>>
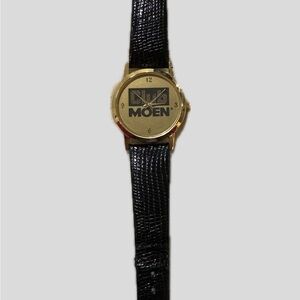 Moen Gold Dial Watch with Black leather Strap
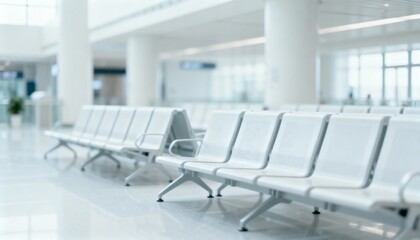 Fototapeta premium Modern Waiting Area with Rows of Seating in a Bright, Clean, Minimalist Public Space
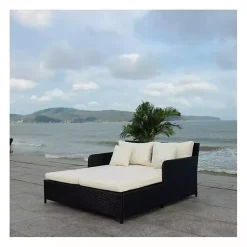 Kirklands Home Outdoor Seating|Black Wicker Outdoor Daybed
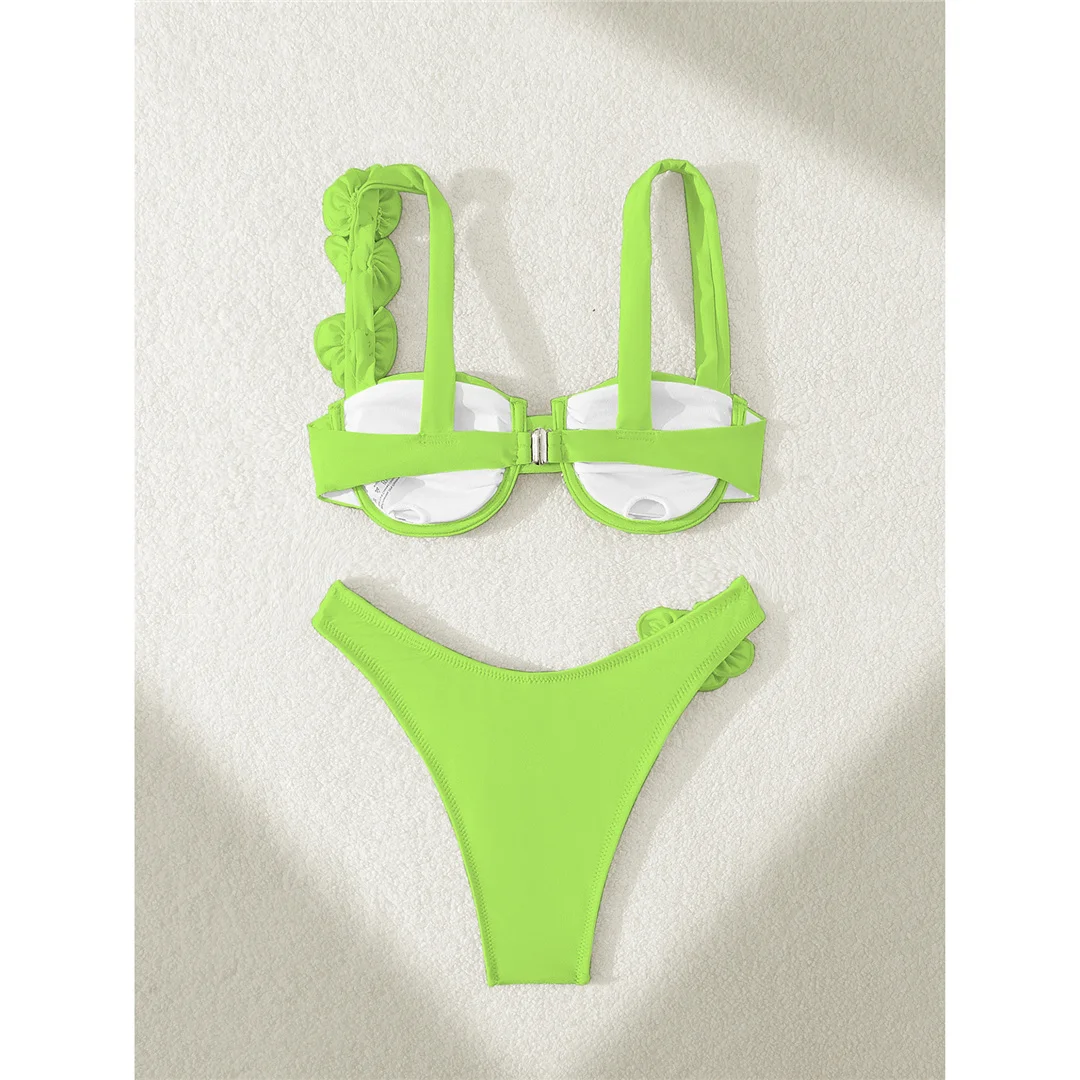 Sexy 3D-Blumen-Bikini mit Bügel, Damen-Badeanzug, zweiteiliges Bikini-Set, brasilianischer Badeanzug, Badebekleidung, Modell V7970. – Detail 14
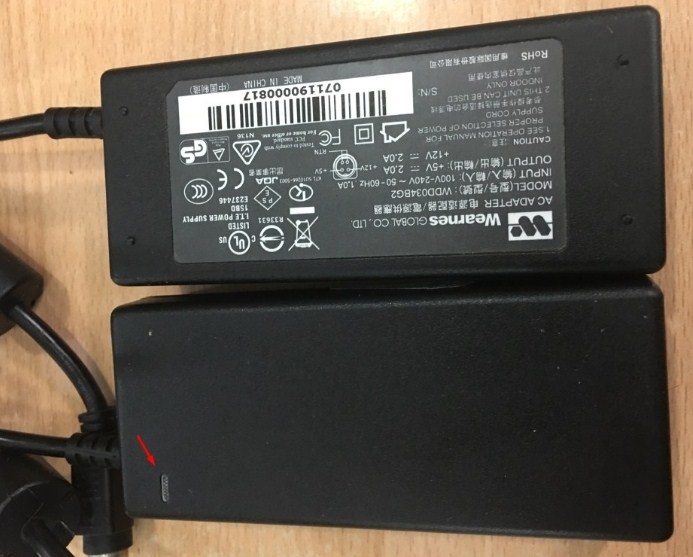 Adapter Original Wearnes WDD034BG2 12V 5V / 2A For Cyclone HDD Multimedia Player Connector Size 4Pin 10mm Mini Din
<<
Activity »
Pictures do not belong in the copy. Repeat exactly each line from the one with "Kirklands Home Outdoor" through the end of the listing.

Response to the exercise »
 Kirklands Home Outdoor Seating|Black Wicker Outdoor Daybed
 Sexy 3D-Blumen-Bikini mit Bügel, Damen-Badeanzug, zweiteiliges Bikini-Set, brasilianischer Badeanzug, Badebekleidung, Modell V7970. – Detail 14
 Adapter Original Wearnes WDD034BG2 12V 5V / 2A For Cyclone HDD Multimedia Player Connector Size 4Pin 10mm Mini Din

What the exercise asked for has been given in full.